I would like to prove that the multilinearity condition for a tensor field is equivalent to the transformation rule for its components in a coordinate basis. One way is straightforward, but I haven't been able to find a proof of the converse. For the sake of simplicity, I consider the case of a (1,1) tensor.

Let $\mathfrak{X}(M)$ be the set of tangent vector fields on $M$ and $\mathfrak{X}(M)^*$ the set of dual vector fields. Let $\mathbf{T}$ be a $\mathbb{R}$-bilinear map from $\mathfrak{X}(M)^* \times \mathfrak{X}(M)$ to $\mathbb{R}^M$. When is $\mathbf{T}$ a tensor field? In other words, when is it $\mathbb{R}^M$-bilinear?

For any two maps $(U,x)$ and $(V,y)$ on $M$ such that $U\cap V\neq \emptyset$, we define $J_{x\rightarrow y}{}^\mu{}_\nu |_P:=\frac{\partial {y^\mu}}{\partial {x^\nu}}|_P \in M_2(\mathbb{R})$, or $J^\mu{}_\nu$ for short. Hence, we have $\partial_{y^\mu}=(J^{-1})^\rho {}_\mu \partial_{x^\rho}$ and $dy^\nu=J^\nu{}_\sigma dx^\sigma$. The components of $\mathbf{T}$ in the coordinate map $(U,x)$ are defined by $T_{(x)\mu}{}^\nu:=\mathbf{T}(\partial_{x^\mu}{},dx^\nu)$.

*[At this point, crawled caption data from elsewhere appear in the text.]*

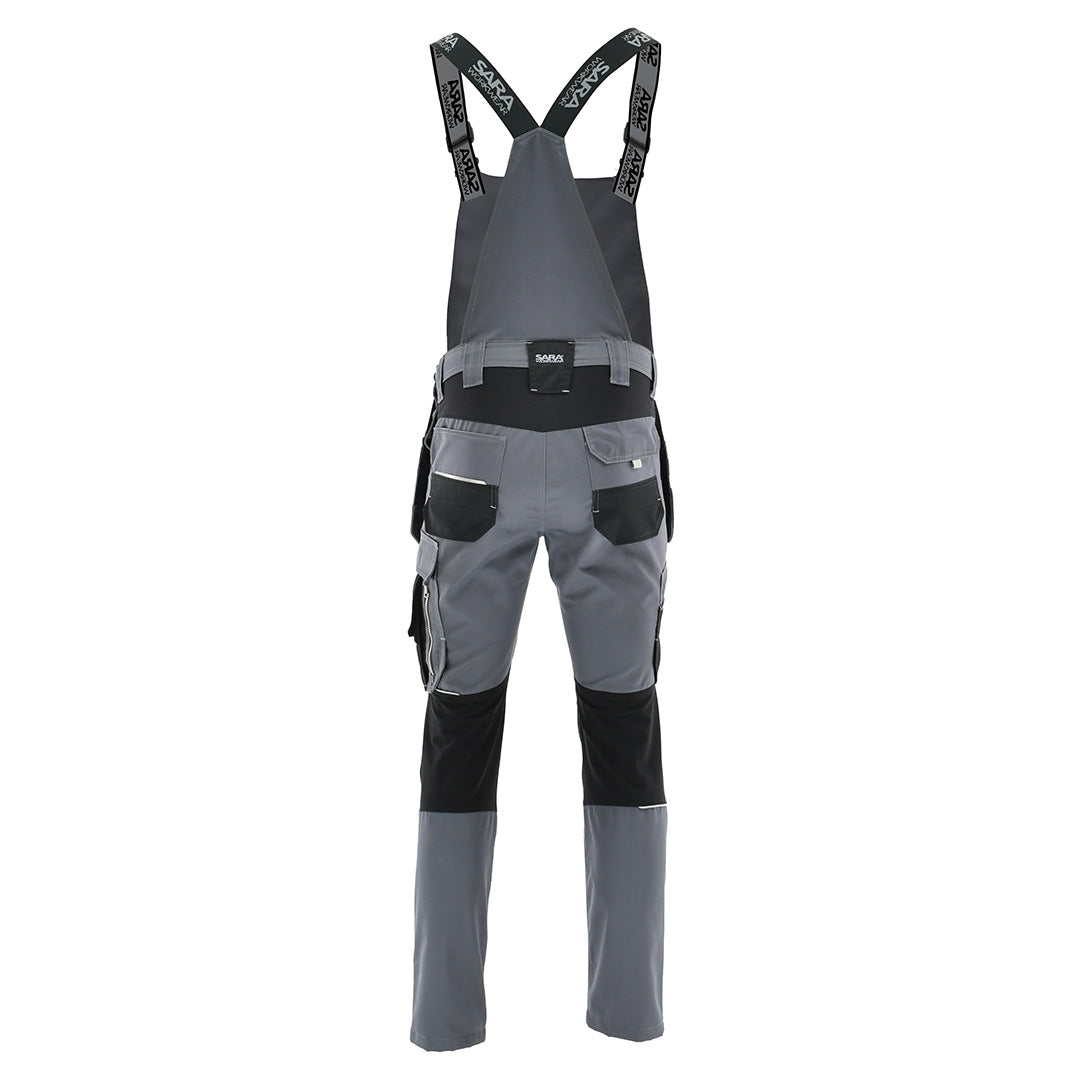 Полугащеризон MONTER DARK GREY/BLACK | РАБОТНИ ОБЛЕКЛА от Mtex Professional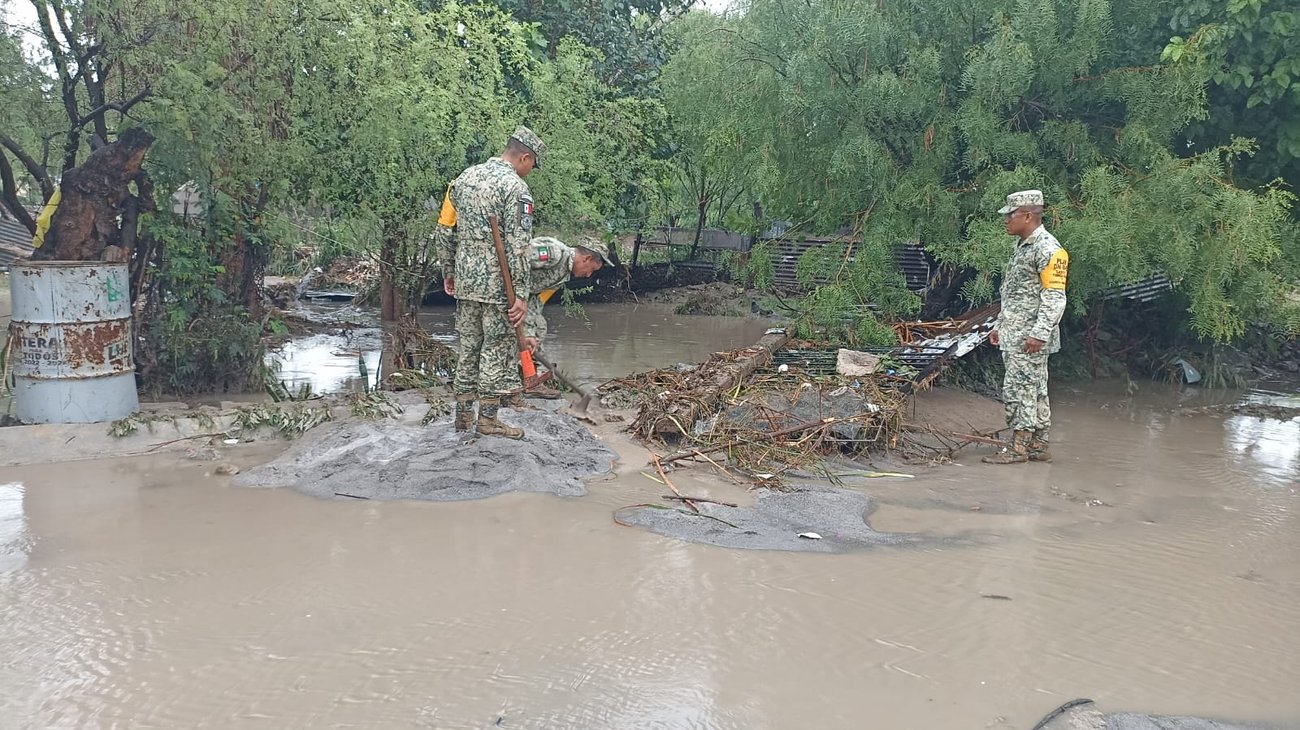 Ejército activa Plan DN-III-E por lluvias en Monclova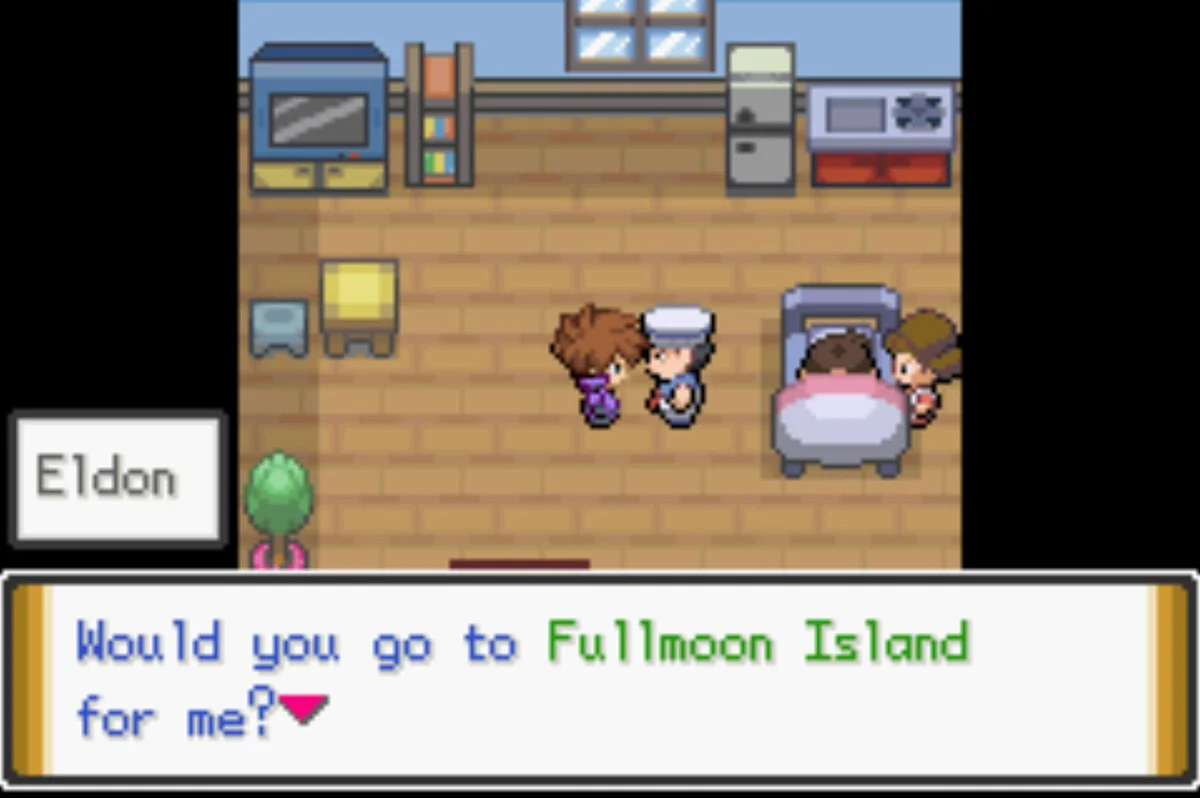 배를 가지고 있는 아버지 / 포켓몬 언바운드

I would like to show that $\mathbb{R}^M$-bilinearity for $\mathbf{T}$ is $equivalent$ to the transformation rules for $T_\mu{}^\nu$:

$``$Lower indices transform with $J^{-1}$ and upper indices transform with $J"$.

  1. Proof of $\implies$:

If $\mathbf{T}$ is $\mathbb{R}^M$-bilinear, since $(J^{-1})^\rho {}_\mu$ and $J^\nu{}_\sigma$ are scalar fields, we have:

$T_{(y)\mu}{}^\nu=\mathbf{T}(\partial_{y^\mu}{},dy^\nu)=\mathbf{T}((J^{-1})^\rho {}_\mu \partial_{x^\rho},J^\nu{}_\sigma dx^\sigma)=(J^{-1})^\rho {}_\mu J^\nu{}_\sigma \mathbf{T}(\partial_{x^\rho},dx^\sigma)=(J^{-1})^\rho {}_\mu J^\nu{}_\sigma T_{(x)\rho}{}^\sigma$

Hence, $T_\mu{}^\nu$ satisfies the transformation rules. $\square$

  1. Proof of $\impliedby$?

Conversely, given $\mathbb{R}$-bilinear $\mathbf{T}$, if $T_\mu{}^\nu$ satisfies the transformation rules for any two maps $(U,x)$ and $(V,y)$, how does one show that $\mathbf{T}$ is $\mathbb{R}^M$-bilinear?

That is, how does one show $\mathbf{T}(a.X,\omega)=\mathbf{T}(X,a.\omega)=a.\mathbf{T}(X,\omega)$ for an arbitrary scalar field $a$, vector field $X$ and dual field $\omega$?

Original question

In general relativity, when asked to prove that an object is (resp. is not) a tensor, we are often expected to show that its components follow (resp. don’t follow) the so-called tensor transformation rules. I’m having difficulties proving the equivalence between the definition of a tensor as a multilinear map and these transformation rules.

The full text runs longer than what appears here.